• DIRECTIONS
In your reply, repeat the full listing exactly and leave each picture out.

• INFORMATION SUPPLIED
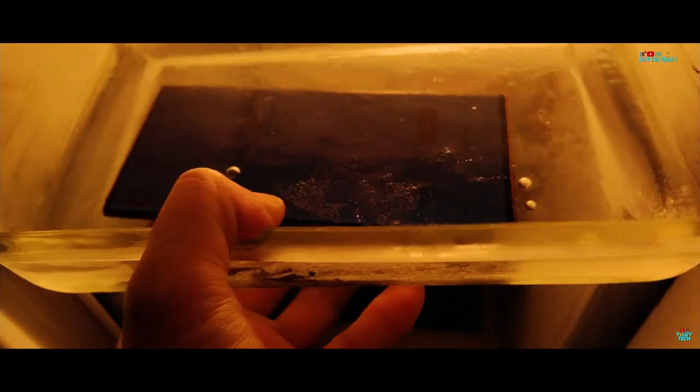Just a few minutes left to complete the one-hour mark inside the Freezer — the S22 Ultra 5G as of now seems to be alive and well. The S22 Ultra has finally crossed more than one hour inside the Freezer, and it's time to check if it has suffered any temporary or permanent damage to the camera lenses or any physical functionality.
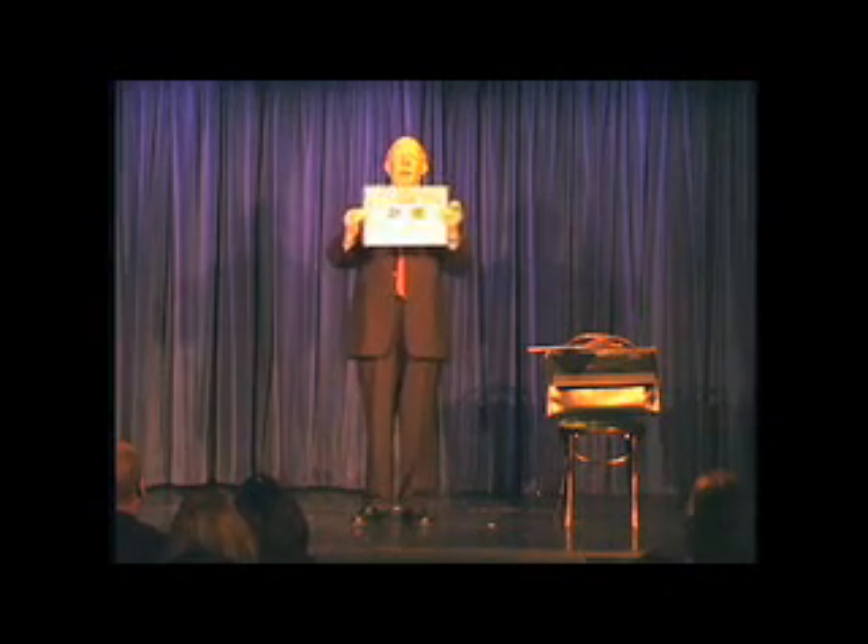Notice that nothing slides in or out. Up or down. It's just a picture. Tell your friends what happened. Thank you.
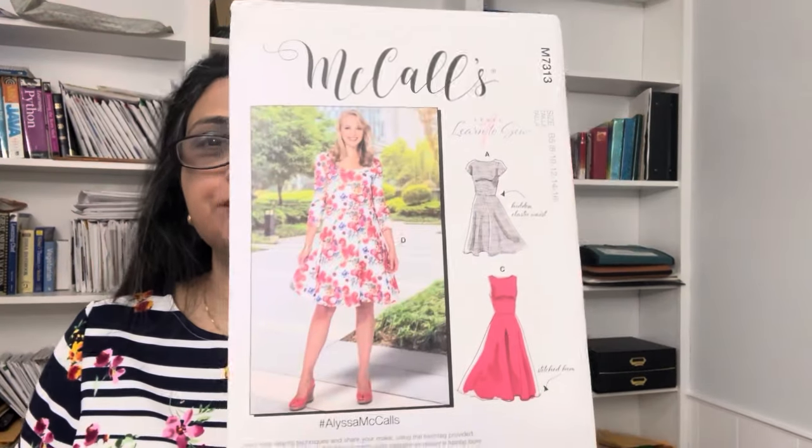Hello friends, this is Vani from Viva Sew and Style. Today's video is about yet another learn-to-sew pattern from McCall's — McCall's 7313. I may say that this is my favorite pattern, not just learn-to-sew but dress pattern period that I have sewn.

• WRITTEN REPLY
Just a few minutes left to complete the one-hour mark inside the Freezer — the S22 Ultra 5G as of now seems to be alive and well. The S22 Ultra has finally crossed more than one hour inside the Freezer, and it's time to check if it has suffered any temporary or permanent damage to the camera lenses or any physical functionality.
Notice that nothing slides in or out. Up or down. It's just a picture. Tell your friends what happened. Thank you.
Hello friends, this is Vani from Viva Sew and Style. Today's video is about yet another learn-to-sew pattern from McCall's — McCall's 7313. I may say that this is my favorite pattern, not just learn-to-sew but dress pattern period that I have sewn.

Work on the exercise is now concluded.